**Task details:**
Your copy should match the records exactly, except that it contains no pictures.

**Dataset records:**

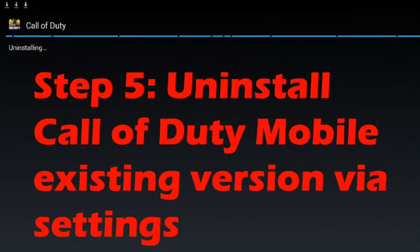As step five, you need to uninstall the existing version of the Call of Duty Mobile game before installing the new version. To do so, go into the Settings. In Settings, you can see Apps, and in Apps you can see what apps are installed, including Call of Duty Mobile.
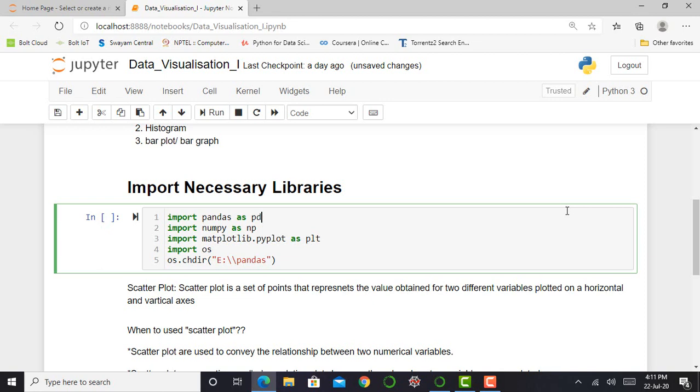Basically, pandas libraries are used to explore various kinds of databases, and numpy libraries are useful to perform numerical operations on my data.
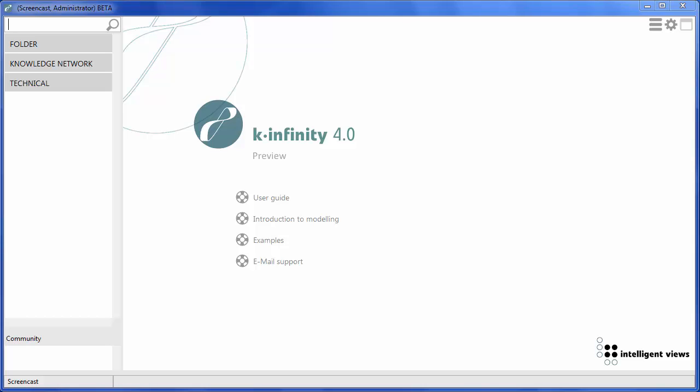This video shows the main features of the Knowledge Builder of K-Infinity in 2 minutes. Based on an example with Organizations and Employees, we will show how to set up objects and relations.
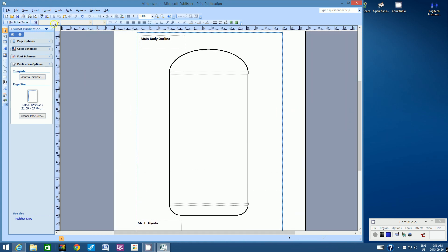Let's save one last time for this tutorial. When complete, call the teacher over so he can verify the overall shape of your body and give you permission to print. Thanks for watching — this is video part one, bye!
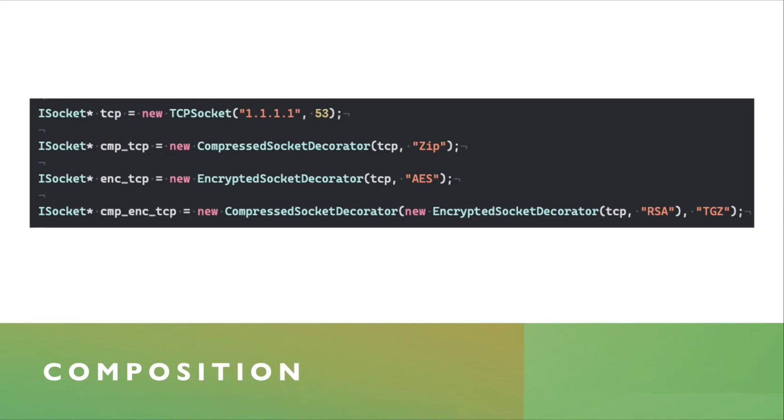You can then, in the second line, create a compressed socket decorator, passing it the original socket that you created, and say, a zip compression algorithm.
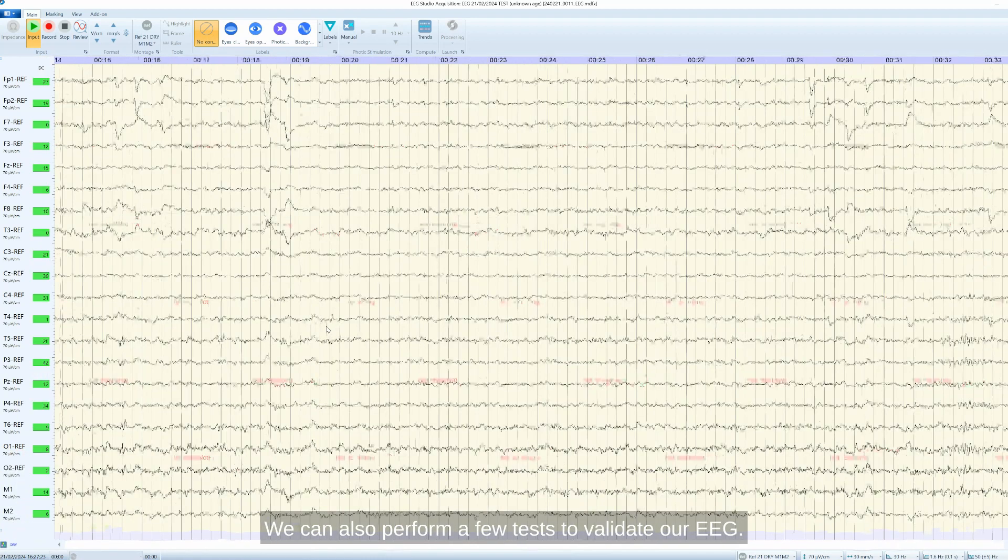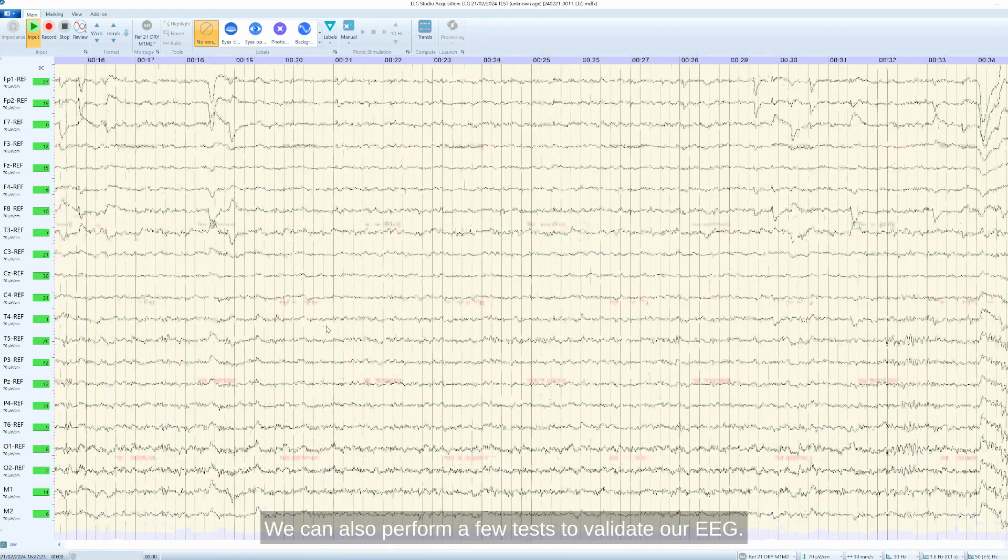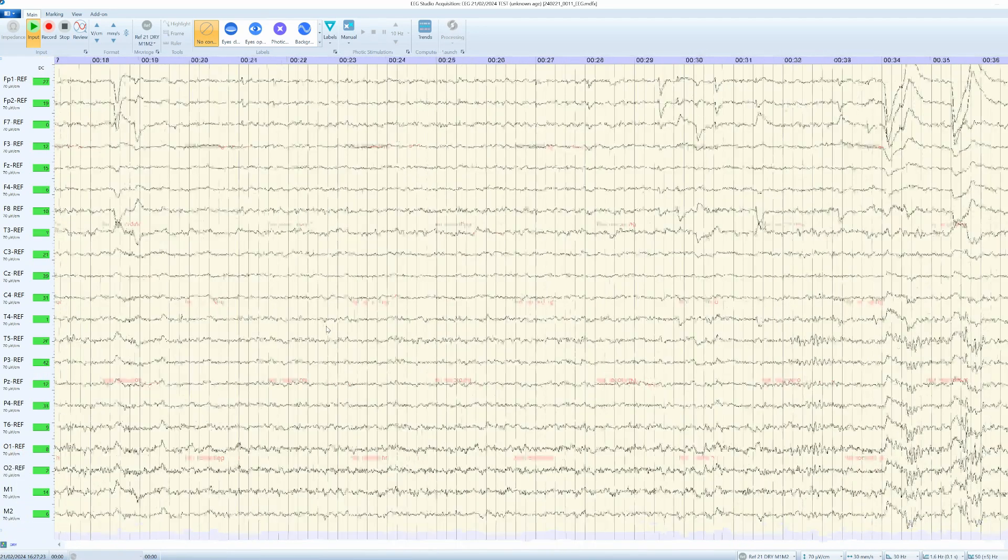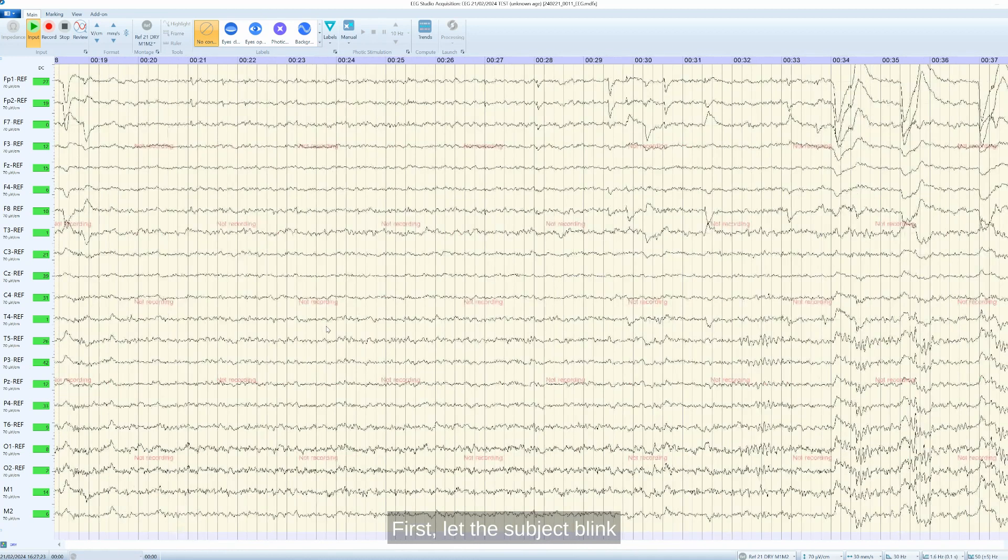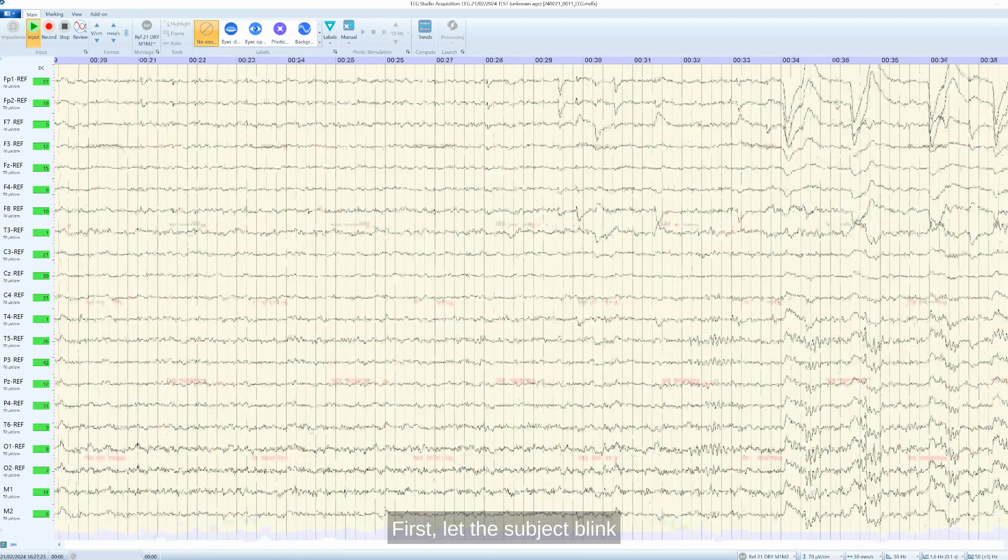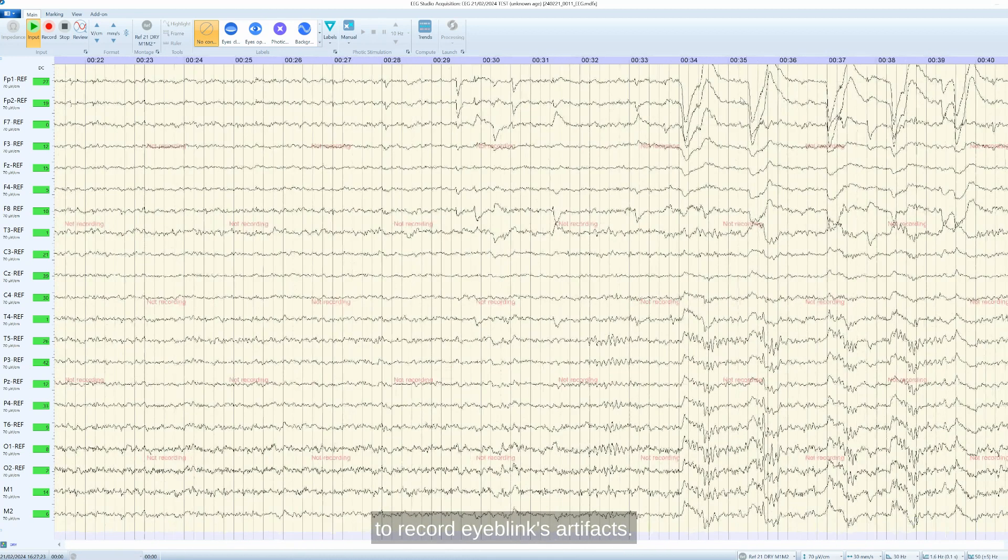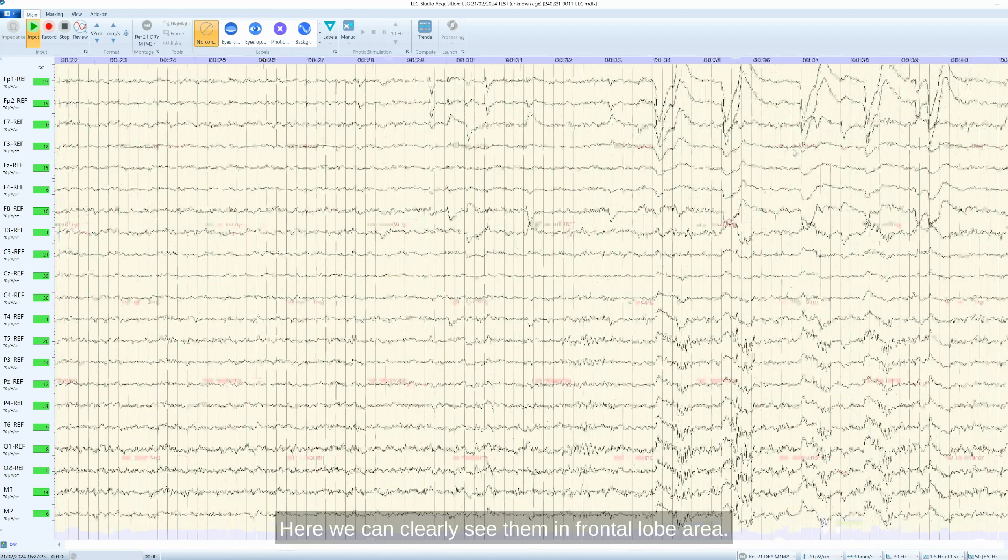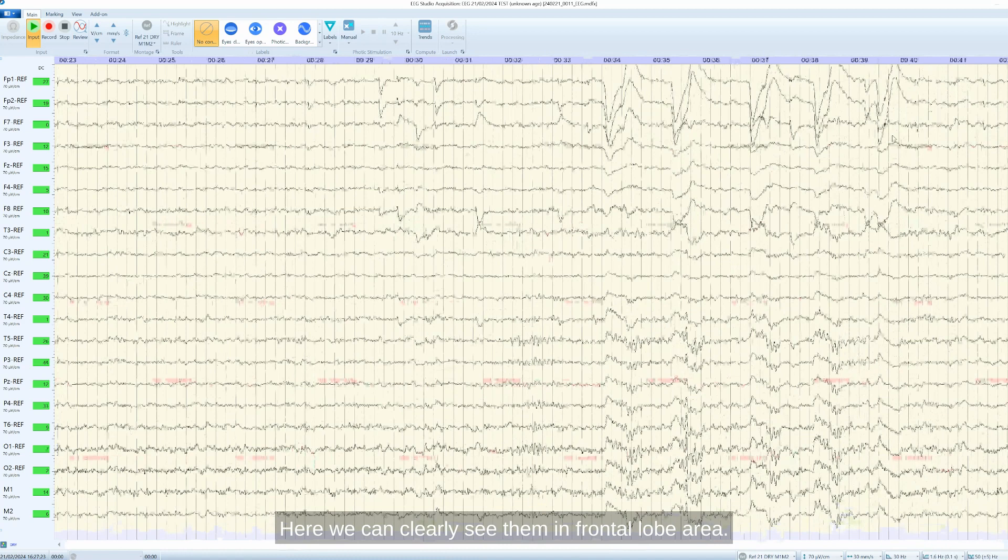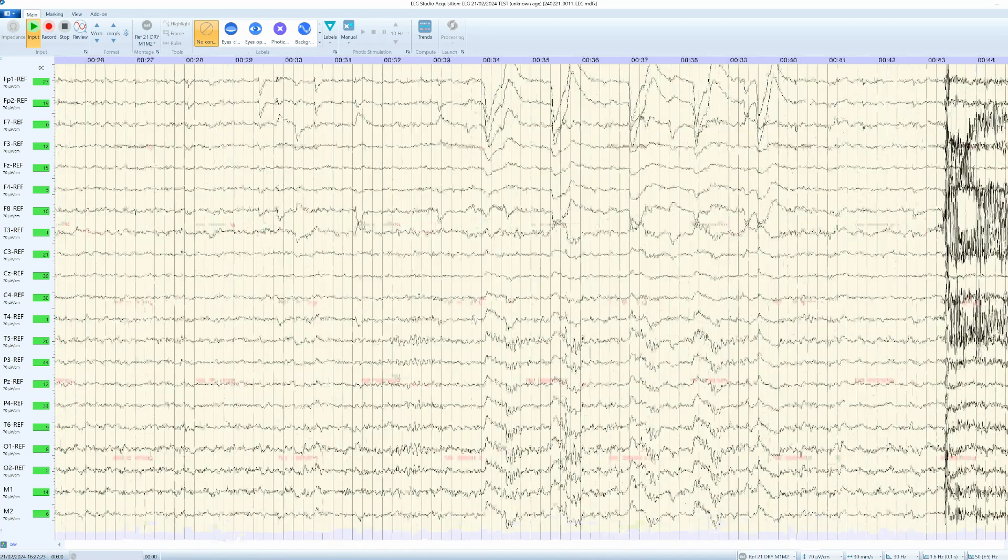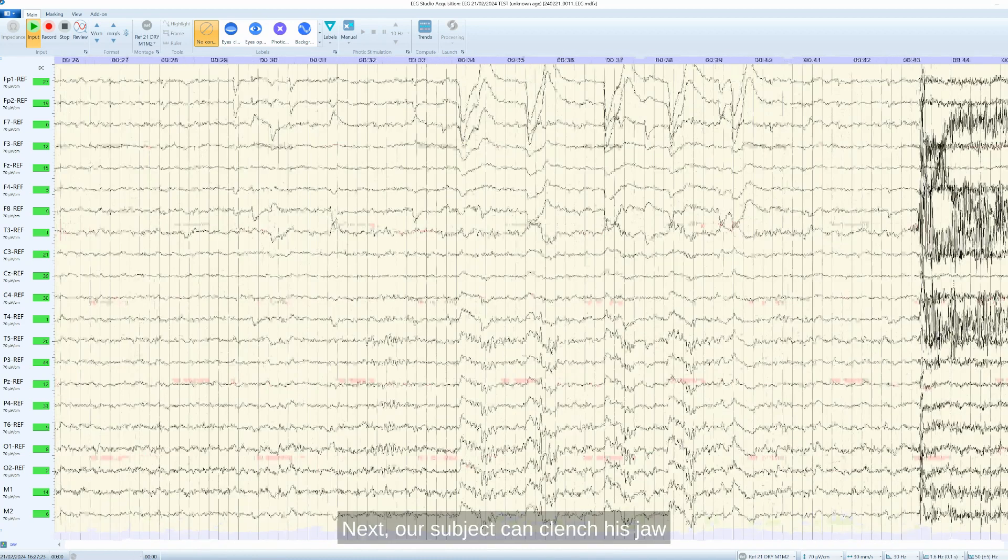First, let the subject blink to record eye blinks artifacts. Here we can clearly see them in frontal lobe area. Next, our subject can clench his jaw that we can clearly see EMG artifacts.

**Answer below:**
As step five, you need to uninstall the existing version of the Call of Duty Mobile game before installing the new version. To do so, go into the Settings. In Settings, you can see Apps, and in Apps you can see what apps are installed, including Call of Duty Mobile.
Basically, pandas libraries are used to explore various kinds of databases, and numpy libraries are useful to perform numerical operations on my data.
This video shows the main features of the Knowledge Builder of K-Infinity in 2 minutes. Based on an example with Organizations and Employees, we will show how to set up objects and relations.
Let's save one last time for this tutorial. When complete, call the teacher over so he can verify the overall shape of your body and give you permission to print. Thanks for watching — this is video part one, bye!
You can then, in the second line, create a compressed socket decorator, passing it the original socket that you created, and say, a zip compression algorithm.
First, let the subject blink to record eye blinks artifacts. Here we can clearly see them in frontal lobe area. Next, our subject can clench his jaw that we can clearly see EMG artifacts.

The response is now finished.